We can rightfully ask how the gossip algorithm outlined above fares in the face of malicious actors that don't want to take their share in the data distribution, i.e. what happens if a node decides not to propagate the messages?

The consensus protocol has a built-in protection against lazy validators: to get their fees from a Block produced by somebody else they have to build on top of it. When they do that, they have to gossip about it, otherwise it will not become part of the DAG or it can get orphaned if conflicting blocks emerge, so it's in everyone's interest for gossiping to happen at a steady pace.

What if they decide to announce their Blocks to everyone but never relay other Blocks from other nodes? They have a few incentives against doing this:

  • If everybody would be doing it then the nodes unknown to the creators would get it much later and might produce conflicting blocks, the consensus would slow down.

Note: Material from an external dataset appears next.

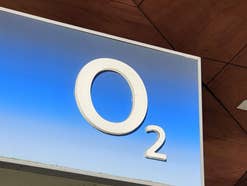 Das O2-Logo an einem Leuchtelement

  • When they finally announce a Block they built everyone would try to download it directly from them, putting extra load on their networks, plus they might have to download extra Blocks that the node failed to relay before.

  • If we have to relay to a 100 nodes directly, it could easily to take longer for each of the 100 to download it from 1 node then for 10 nodes to do so and then relay to 10 more nodes each.

Having a relay factor together with the mechanism of returning whether the information was new has the following purpose:

  • By indicating that the information was new the callee is signalling to the caller that once it has done the validation of the Block it will relay the information, therefore the caller can be content that by informing this node it carried out the number of gossips it set out to do, i.e. it will have to serve the full Blocks up to R number of times.

  • By indicating that the information wasn't new, the callee is signalling that it will not relay the information any longer, therefore the caller should pick another node if it wants to live up to its pledge of relaying to R number of new nodes.

Nodes expect the ones which indicated that the Block meta-data was new to them to later attempt to download the full Blocks. This may not happen, as other nodes may notify them too, in which case they can download some Blocks from here, some from there.

There are two forms of lying that can happen here:

  1. The callee can say the information wasn't anything new, but then attempt to download the data anyway. Nodes may disincentivise this by tracking each others reputation and block nodes that lied to them.

  2. The callee can say the information was new but not relay. This goes against their own interest as well, but it's difficult to detect. A higher relay factor can compensate for the amount of liars on the network.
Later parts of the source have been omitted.